The Potential for Restoration to Break the Grass/Fire Cycle in Dryland Ecosystems in Hawaii
Technical Report,30 Jan 2008,31 Oct 2016
USDA Forest Service Hilo United States
Pagination or Media Count:
Objectives This study used remote sensing and field-based experiments to provide basic scientific information and practical tools for managing and restoring tropical dry forest landscapes on military lands in the Pacific. Results have and will continue to directly benefit the military mission in the Pacific by increasing capacity to restore native forests, thereby reducing wildfire and enhancing habitat for threatened and endangered species. Technical Approach Project objectives were addressed and tested in dry forest regions on the Island of Hawaii.
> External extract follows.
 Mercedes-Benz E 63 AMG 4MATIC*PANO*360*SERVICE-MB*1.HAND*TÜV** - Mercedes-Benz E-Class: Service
Remote sensing methods included 1 analysis of historical and current conditions, 2 high-resolution ecosystem mapping, 3 field validation of remotely sensed data, and 4 web-based satellite monitoring. Field-based methods addressed the potential for restoration of native species to alter ecosystem structure in a manner that will reduce fine fuels and fire danger. This field-based effort addressed the major barriers to restoration in a sequential manner across remnant native community types, and it developed and tested the effectiveness of a firebreak design that incorporates traditional fuel breaks i.e. strips with fuels removed mechanically grading into greenstrips planted with fire resistant native species.